An die Beiträge zur Toleranz schließen sich vier Aufsätze mit politischen Themen an. Christoph T. Beckmann untersucht die poli­­-tische Dimension in Gottlieb Jacob Plancks Geschichte der luthe­-rischen Bekenntnisbildung bis zur Konkordienformel vom Ende des 18. Jh.s, deren thematische Fokussierung eine Folge seiner pragmatischen, auf den Menschen als Handelnden abzielenden Historiographie ist.
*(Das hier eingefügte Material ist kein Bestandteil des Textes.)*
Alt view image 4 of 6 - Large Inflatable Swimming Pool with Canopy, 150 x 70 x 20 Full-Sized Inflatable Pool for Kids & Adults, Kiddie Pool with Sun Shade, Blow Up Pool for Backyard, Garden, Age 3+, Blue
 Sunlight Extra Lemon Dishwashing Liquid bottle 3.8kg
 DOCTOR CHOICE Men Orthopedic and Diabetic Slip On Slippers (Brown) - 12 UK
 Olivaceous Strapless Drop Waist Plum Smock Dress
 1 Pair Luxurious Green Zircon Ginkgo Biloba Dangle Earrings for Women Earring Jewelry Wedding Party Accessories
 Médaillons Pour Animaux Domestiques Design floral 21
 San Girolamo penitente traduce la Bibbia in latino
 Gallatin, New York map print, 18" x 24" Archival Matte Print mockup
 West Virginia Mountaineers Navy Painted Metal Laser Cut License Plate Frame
Stefan Michel stellt um 1800 ein Aufkommen politischer Predigten fest und veranschaulicht das am Beispiel des Geraer Superintendenten Johann Zacharias Hermann Hahn, der in seinen Predigten programmatisch Politik, Religion und Moral verbinden und damit christlichen Staat und Gesellschaft fördern wollte. Rolf Schäfer stellt die durch Prinzipien der Aufklärung be­stimmte Religions- und Bildungspolitik gegenüber Juden, evangelischer Kirche und Erweckungsbewegung im Herzogtum Ol­denburg um 1800 dar, die von Albrecht von Haller beeinflusst wurde. Klaus-Bernward Springer zeigt den »letzten geistlichen Reichsfürsten« Carl von Dalberg als katholischen Aufklärer, der in seiner Zeit als Statthalter des Kurfürs­ten von Mainz in Erfurt Ende des 18. Jh.s Ideen der Aufklärung politisch, besonders bildungs- und sozialpolitisch umsetzen wollte.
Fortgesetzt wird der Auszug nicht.